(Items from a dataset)
#####

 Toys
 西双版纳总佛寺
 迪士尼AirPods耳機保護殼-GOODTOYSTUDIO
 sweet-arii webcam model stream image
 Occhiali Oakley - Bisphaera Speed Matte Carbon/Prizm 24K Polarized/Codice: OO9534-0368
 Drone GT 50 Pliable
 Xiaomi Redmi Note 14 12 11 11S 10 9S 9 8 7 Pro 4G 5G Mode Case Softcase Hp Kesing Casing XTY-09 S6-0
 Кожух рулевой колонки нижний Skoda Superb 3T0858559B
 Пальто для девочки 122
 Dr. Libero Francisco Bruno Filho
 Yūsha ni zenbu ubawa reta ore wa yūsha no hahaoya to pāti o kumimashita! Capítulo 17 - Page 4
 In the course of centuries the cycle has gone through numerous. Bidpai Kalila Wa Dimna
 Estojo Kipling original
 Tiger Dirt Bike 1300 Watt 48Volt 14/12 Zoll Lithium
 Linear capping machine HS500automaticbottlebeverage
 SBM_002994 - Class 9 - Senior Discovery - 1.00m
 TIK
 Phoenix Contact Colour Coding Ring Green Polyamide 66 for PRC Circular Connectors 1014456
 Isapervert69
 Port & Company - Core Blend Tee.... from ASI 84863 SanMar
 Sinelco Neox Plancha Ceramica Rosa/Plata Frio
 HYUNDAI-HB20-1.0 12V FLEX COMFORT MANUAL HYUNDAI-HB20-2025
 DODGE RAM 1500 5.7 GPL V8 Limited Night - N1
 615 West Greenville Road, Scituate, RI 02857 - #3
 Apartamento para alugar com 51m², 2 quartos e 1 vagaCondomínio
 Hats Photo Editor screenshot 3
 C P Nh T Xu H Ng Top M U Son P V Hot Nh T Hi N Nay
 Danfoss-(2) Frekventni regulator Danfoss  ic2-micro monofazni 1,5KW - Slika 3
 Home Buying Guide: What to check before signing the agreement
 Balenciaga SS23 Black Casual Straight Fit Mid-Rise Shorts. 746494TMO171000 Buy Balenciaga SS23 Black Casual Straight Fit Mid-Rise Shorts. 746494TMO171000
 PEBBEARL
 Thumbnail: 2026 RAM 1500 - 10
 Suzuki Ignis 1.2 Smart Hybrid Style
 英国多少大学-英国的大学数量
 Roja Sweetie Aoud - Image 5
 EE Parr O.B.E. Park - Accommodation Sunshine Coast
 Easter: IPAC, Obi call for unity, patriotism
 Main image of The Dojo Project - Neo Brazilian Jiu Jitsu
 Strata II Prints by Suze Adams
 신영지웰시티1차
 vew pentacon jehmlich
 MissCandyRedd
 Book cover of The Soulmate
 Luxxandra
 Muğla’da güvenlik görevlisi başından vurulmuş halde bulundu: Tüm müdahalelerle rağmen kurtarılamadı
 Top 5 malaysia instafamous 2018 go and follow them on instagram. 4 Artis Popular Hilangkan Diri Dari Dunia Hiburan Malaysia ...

#####

WHAT YOU HAVE TO DO
The stretch of entries above that starts with the line containing "Port & Company" and goes on through the line containing "Shorts. 746494TMO171000 Buy" is to be transcribed exactly, and no other line is to be transcribed.

RESULT OF THE EXERCISE
 Port & Company - Core Blend Tee.... from ASI 84863 SanMar
 Sinelco Neox Plancha Ceramica Rosa/Plata Frio
 HYUNDAI-HB20-1.0 12V FLEX COMFORT MANUAL HYUNDAI-HB20-2025
 DODGE RAM 1500 5.7 GPL V8 Limited Night - N1
 615 West Greenville Road, Scituate, RI 02857 - #3
 Apartamento para alugar com 51m², 2 quartos e 1 vagaCondomínio
 Hats Photo Editor screenshot 3
 C P Nh T Xu H Ng Top M U Son P V Hot Nh T Hi N Nay
 Danfoss-(2) Frekventni regulator Danfoss  ic2-micro monofazni 1,5KW - Slika 3
 Home Buying Guide: What to check before signing the agreement
 Balenciaga SS23 Black Casual Straight Fit Mid-Rise Shorts. 746494TMO171000 Buy Balenciaga SS23 Black Casual Straight Fit Mid-Rise Shorts. 746494TMO171000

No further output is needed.